Terrorism Investigations
CNN: [NJ] 2 arrested in New Jersey in terror plot probe on heels of Michigan arrests, sources say
CNN [11/5/2025 2:15 PM, Mark Morales, Brynn Gingras, and John Miller, 18595K] reports that two men were arrested in New Jersey in a terror plot probe on the heels of two arrests in Michigan in an alleged ISIS-inspired terrorist plot, multiple law enforcement officials close to the investigation said Wednesday. The two men are said to have been part of the same online communication group as the ones who hatched the alleged plot in Michigan, one of the officials said. The forum was not necessarily to discuss and participate in the same plot, but to discuss their own separate schemes, the official said. One of the suspects, a 19-year-old man from New Jersey, was taken into custody at Newark Liberty International Airport on Tuesday morning, the official said. Authorities had been monitoring his movements and arrested him once they noticed he moved up his flight to Turkey, the official said. The act of going to the airport was seen as a move to further his plot, triggering the arrest, the official said. The suspect ultimately planned to travel from Turkey to Syria, where he would attempt to join ISIS, the officials said. Authorities routinely make these types of arrests after monitoring online chatter from targets they are zeroing in on, the official said. The circumstances of the arrest of the other suspect were not immediately known. The US Attorney’s Office in New Jersey and the FBI declined comment.
Reported similarly:
NBC News [11/5/2025 11:43 AM, Jonathan Dienst, Tom Winter, and Minyvonne Burke, 34509K]
NewsMax [11/5/2025 11:52 AM, Nicole Weatherholtz, 4109K]

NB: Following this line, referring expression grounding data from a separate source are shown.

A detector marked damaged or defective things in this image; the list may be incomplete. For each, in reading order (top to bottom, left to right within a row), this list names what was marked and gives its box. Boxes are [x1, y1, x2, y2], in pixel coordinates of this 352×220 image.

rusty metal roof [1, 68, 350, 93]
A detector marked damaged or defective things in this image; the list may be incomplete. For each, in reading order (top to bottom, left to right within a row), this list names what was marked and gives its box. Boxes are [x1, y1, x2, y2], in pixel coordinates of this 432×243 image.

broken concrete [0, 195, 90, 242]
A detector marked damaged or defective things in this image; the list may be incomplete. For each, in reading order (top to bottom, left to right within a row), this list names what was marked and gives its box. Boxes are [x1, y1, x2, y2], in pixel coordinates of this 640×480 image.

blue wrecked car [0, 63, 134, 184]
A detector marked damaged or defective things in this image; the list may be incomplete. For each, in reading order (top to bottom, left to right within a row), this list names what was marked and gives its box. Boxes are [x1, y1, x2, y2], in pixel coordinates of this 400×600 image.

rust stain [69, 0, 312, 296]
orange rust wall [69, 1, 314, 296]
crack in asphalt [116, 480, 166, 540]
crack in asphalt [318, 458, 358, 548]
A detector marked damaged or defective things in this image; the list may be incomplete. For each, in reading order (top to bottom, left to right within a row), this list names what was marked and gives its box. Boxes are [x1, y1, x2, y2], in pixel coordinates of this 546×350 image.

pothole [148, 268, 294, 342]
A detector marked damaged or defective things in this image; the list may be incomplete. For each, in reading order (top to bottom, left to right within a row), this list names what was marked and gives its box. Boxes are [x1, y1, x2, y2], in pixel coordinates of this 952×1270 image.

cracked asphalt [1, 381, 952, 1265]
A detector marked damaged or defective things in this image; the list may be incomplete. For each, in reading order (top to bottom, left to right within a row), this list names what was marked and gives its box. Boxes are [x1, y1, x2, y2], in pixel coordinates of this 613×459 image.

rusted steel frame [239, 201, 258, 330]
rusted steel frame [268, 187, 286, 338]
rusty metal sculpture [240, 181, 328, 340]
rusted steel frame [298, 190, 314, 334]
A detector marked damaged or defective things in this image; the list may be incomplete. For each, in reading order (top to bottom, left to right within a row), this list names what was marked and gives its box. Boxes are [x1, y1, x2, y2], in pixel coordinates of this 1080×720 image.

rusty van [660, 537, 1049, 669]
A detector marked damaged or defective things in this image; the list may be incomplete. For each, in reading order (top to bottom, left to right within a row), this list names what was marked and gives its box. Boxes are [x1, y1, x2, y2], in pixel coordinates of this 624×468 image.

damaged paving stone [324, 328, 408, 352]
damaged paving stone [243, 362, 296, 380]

AP: [MI] FBI names third man accused of planning Halloween terror attack in Michigan
AP [11/5/2025 8:52 PM, Isabella Volmert, 31753K] reports investigators say a third Michigan man is now facing charges in a plot to stage a terror attack on Halloween. He traveled to an amusement park in the Midwest to scout the location, they said. Ayob Nasser, 19, was arrested Wednesday. He is accused of participating in the planning of a possible attack on LGBTQ+ bars in suburban Detroit that was inspired by the Islamic State, federal authorities have said. Nasser, his brother Mohmed Ali and Majed Mahmoud are charged with conspiracy to provide material support and resources to a designated terrorist organization and receiving and transferring guns and ammunition for terrorism, according to court documents. Mohmed Ali and Majed Mahmoud were arrested Friday. Investigators say two minors, identified only as Person 1 and Person 2 in court documents, were also involved in the discussions. "We will not stop. We will follow the tentacles where they lead. We will continue to stand guard with the FBI against terrorism," said U.S. Attorney Jerome F. Gorgon Jr. said in a statement. It was unclear whether Nasser has an attorney. Two attorneys representing Ali and Mahmoud declined to comment when reached by phone Wednesday evening, and both said they are reading through an amended 93-page complaint filed in federal court. One of the attorneys, Amir Makled, over the weekend seemed to wave off the allegations, saying they were the result of "hysteria" and "fear-mongering.”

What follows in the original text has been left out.